### WORK REQUIRED
Every line from the one with "Stylish kitchen interior" through the end of the material below, both ends included, should be transcribed exactly, without pictures.

COLLECTED DATA START

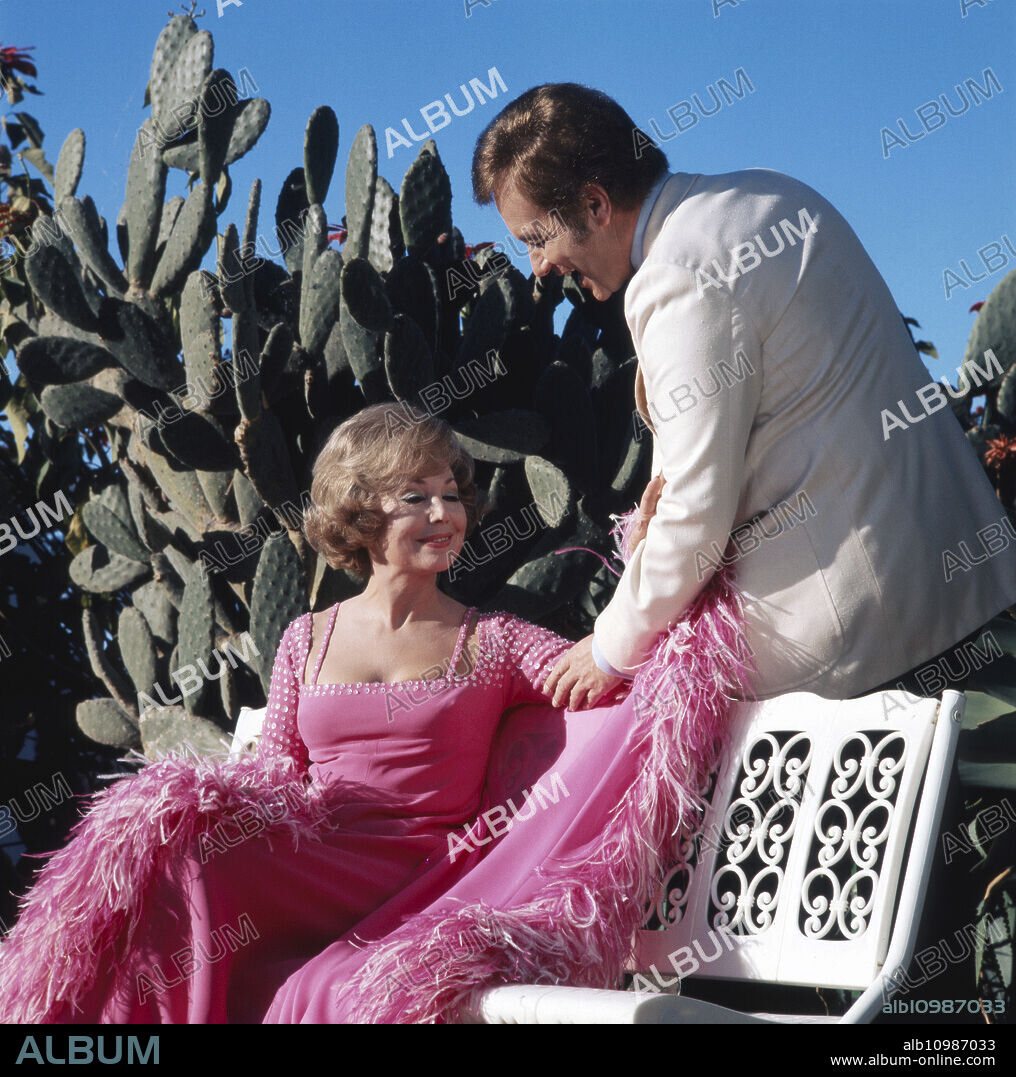 German opera singer Anneliese Rothenberger shooting a song with Austrian tenor Peter Minich, 1970s.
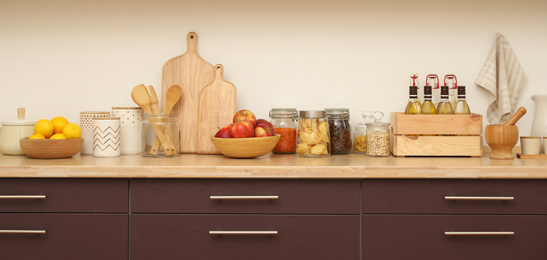 Stylish kitchen interior with wooden countertop and wall cabinets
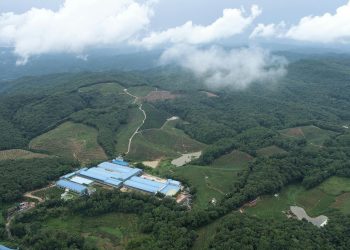 A stunning aerial view of lush fields and forests in Xishuangbanna, Yunnan, China.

COLLECTED DATA END

### TASK OUTPUT
 Stylish kitchen interior with wooden countertop and wall cabinets
 A stunning aerial view of lush fields and forests in Xishuangbanna, Yunnan, China.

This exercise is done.